For both variables and all lead times, the inclusion of time and date proved to be beneficial. For wind speed, no lag times longer than 1 h were necessary. The use of 10-min data was found to be beneficial for wind speed at +1- and +6-h lead times, as well as for wind gusts with +1-h lead times. The prediction of wind gusts with +6- and +12-h lead times required more input features than for wind speed for the same lead times. For a +6-h lead time, wind gusts could be predicted best by utilizing lags covering 24 h. The addition of wind direction as an input feature led to the best results for wind gust prediction with +6- and +12-h lead times. The addition of further lag times, local observations, and observations from surrounding stations led to no improvements. The model data included in these experiments were the first 10 principal components of a 500-hPa height field and an 850-hPa temperature field over Europe from the ECMWF model analysis, expressing 95% of the total variance inherent in these data. Both fields are represented by a 10 × 10 grid ranging from 50° to 41°N and from −1.5° to 12.0°E. Improvements due to these model data could only be found for wind speeds for +12- and +24-h lead times, as indicated in Table 3. Larger numbers of principal components led to no further improvements. All further input features were found to be unnecessary for local wind speed and wind gust prediction, too. In fact, a survey of the corresponding hit and false-alarm rates revealed that, especially for strong winds, sets with lower numbers of input features often led to more reliable hit and false-alarm rates in comparison with their counterparts involving higher numbers of input features.

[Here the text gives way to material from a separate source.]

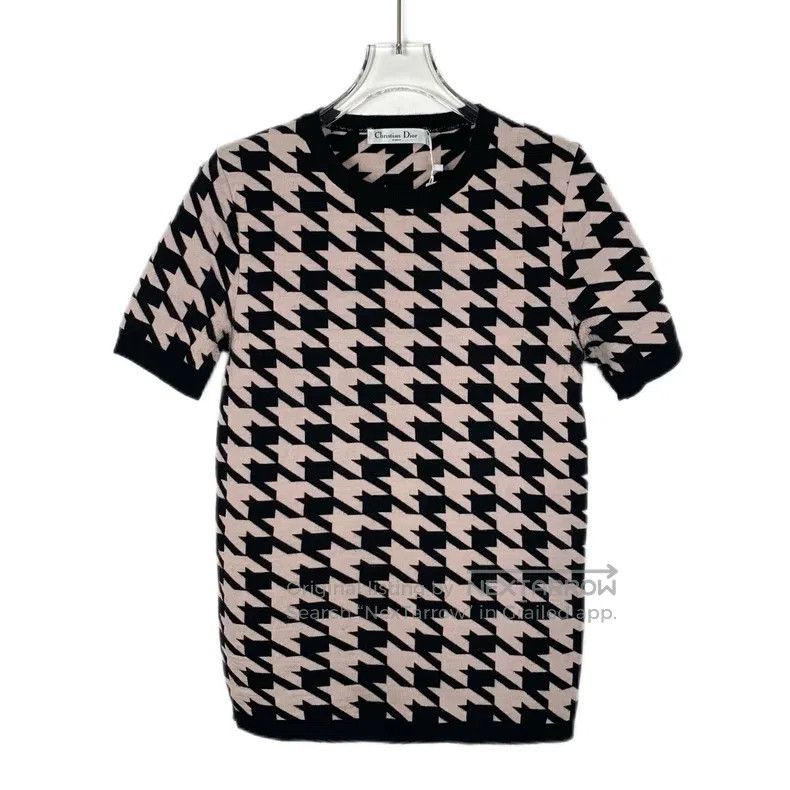 Dior Dior Colour-matched check cotton round-neck short-sleeved Size M / US 6-8 / IT 42-44 - 1 Thumbnail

Based on the results of the input feature selection, it was found that the selection of input features was less crucial than expected. The necessary information for the prediction of local wind series at Geneva was found to be present in several realizations of input feature sets. This was indicated by the fact that many input feature sets differed only slightly in performance, and hit and false-alarm rates. This allowed the selection of rather small sets of mainly local input features.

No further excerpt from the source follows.